As announced in The Millions today, David Foster Wallace’s unfinished manuscript begins with lines originally published as a short story in our own TriQuarterly Fall-Winter 2002. Here is the first paragraph of that story:
Past the flannel plains and blacktop graphs and skylines of canted rust, and past the tobacco-brown river overhung with weeping trees and coins of sunlight through them on the water downriver, to the place beyond the windbreak, where untilled fields simmer shrilly in the A.M. heat: shattercane, lambsquarter, cutgrass, saw brier, nutgrass, jimsonweed, wild mint, dandelion, foxtail, spinecabbage, goldenrod, creeping charlie, butterprint, nightshade, ragweed, wild oat, vetch, butcher grass, invaginate volunteer beans, all heads nodding in a soft morning breeze like a mother's hand on your cheek. An arrow of starlings fired from the windbreak's thatch. The glitter of dew that stays where it is and steams all day. A sunflower, four more, one bowed, and horses in the distance standing rigid as toys. All nodding. Electric sounds of insects at their business. Ale-colored sunshine and pale sky and whorls of cirrus so high they cast no shadow. Insects all business all the time. Quartz and chert and schist and chondrite iron scabs in granite. Very old land. Look around you. The horizon trembling, shapeless. We are all of us brothers.

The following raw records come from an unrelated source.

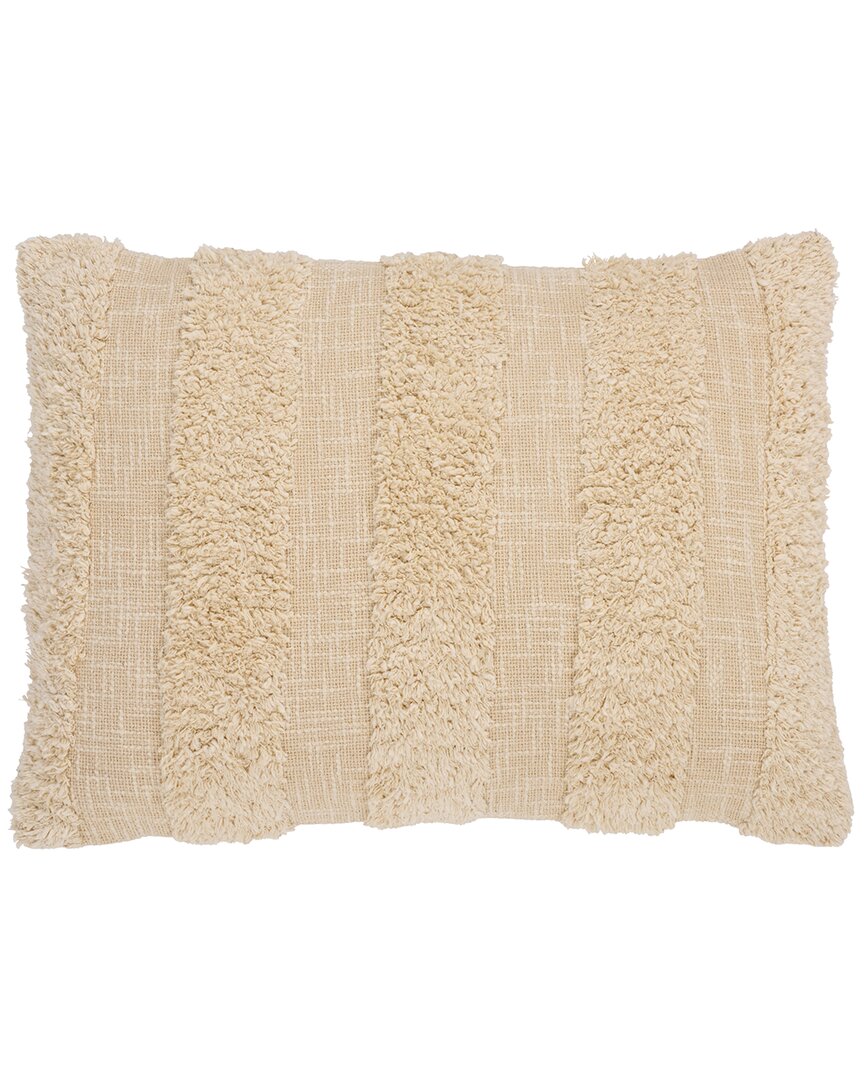 Safavieh Maja 16x22 Cotton Pillow In Neutral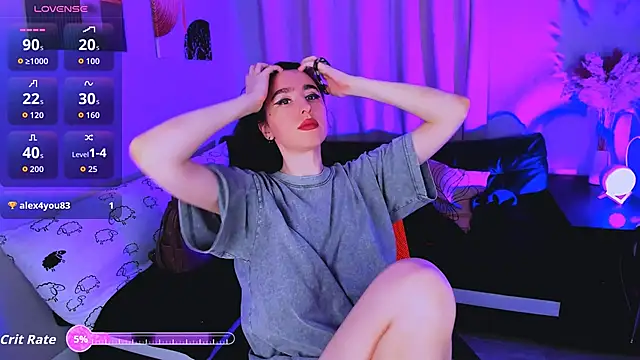 Lily xBabe online show from November 5, 2025, 7:44 am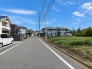 前面道路は6mの幅広な道路です。入出庫の際もらくらくです。
■立川市幸町5　売地■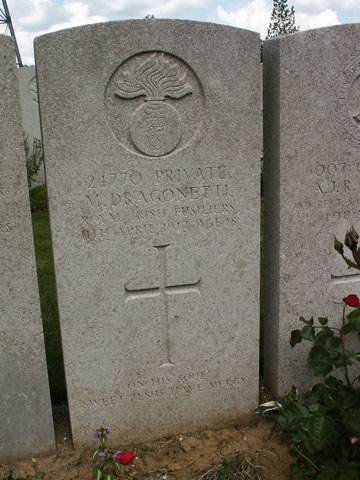 Private Michael Dragonetti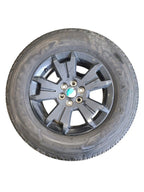 Wheel 17x8 Aluminum 5 Spoke Painted Black Fits 17-22 COLORADO 670763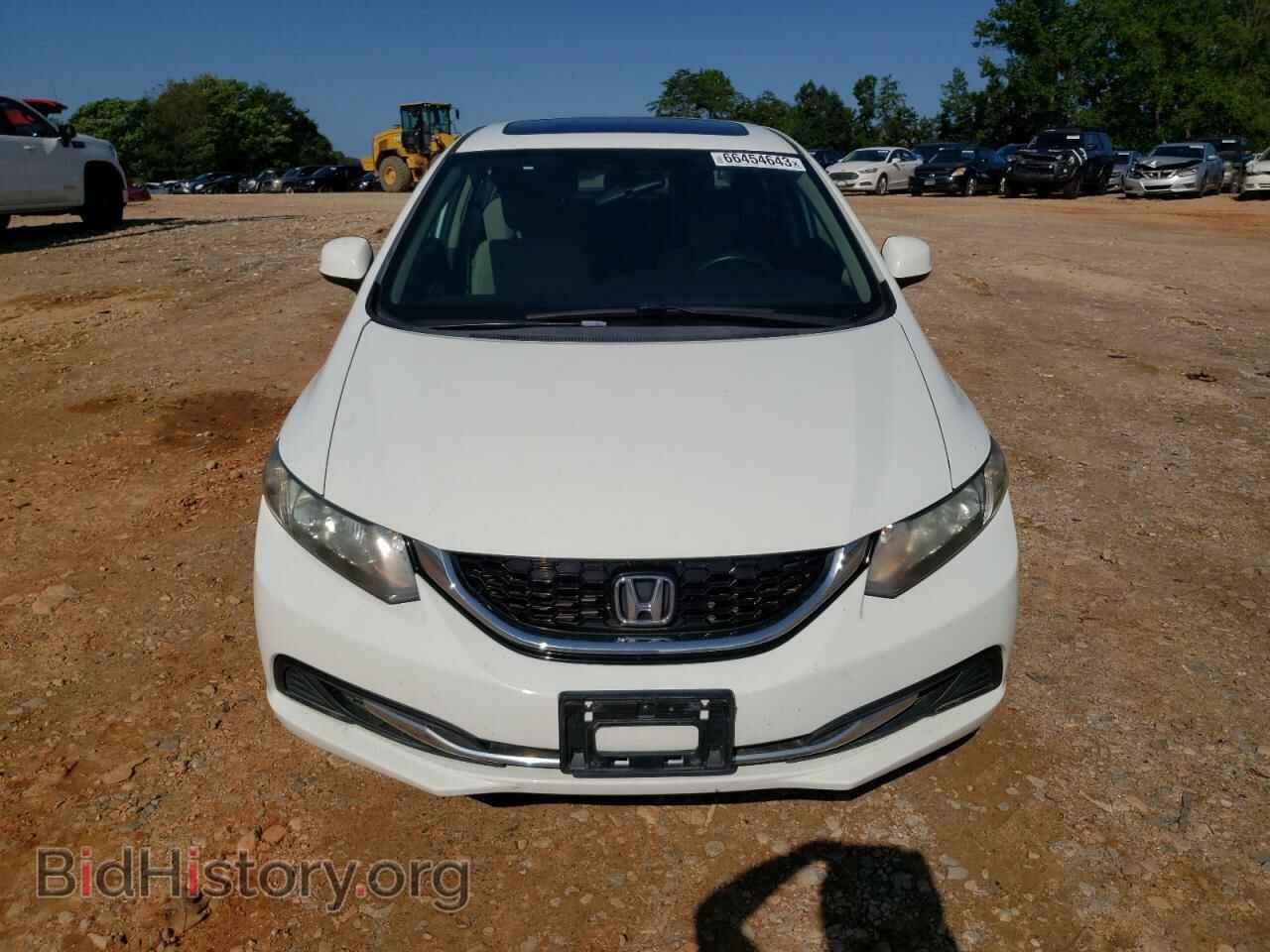 2013 HONDA CIVIC - VIN: 19XFB2F84DE273629 - Фото 5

The book follows several recruits joining an IRS tax return processing office in Peoria, Illinois, as they trade their souls for tedium. In his review, Jonathan Segura of Publishers Weekly writes:
It is…one hell of a document and a valiant tribute to the late Wallace, being, as it is, a transfixing and hyper-literate descent into relentless, inescapable despair.
While it's hard not to wince at each of the many mentions of suicide, Wallace is often achingly funny; a passage that begins "I have only one real story about shit. But it's a doozy" and ends with a "prison-type gang-type sexual assault gone wrong" is pants-pissingly hilarious.
The Pale King will be released next month by Little, Brown.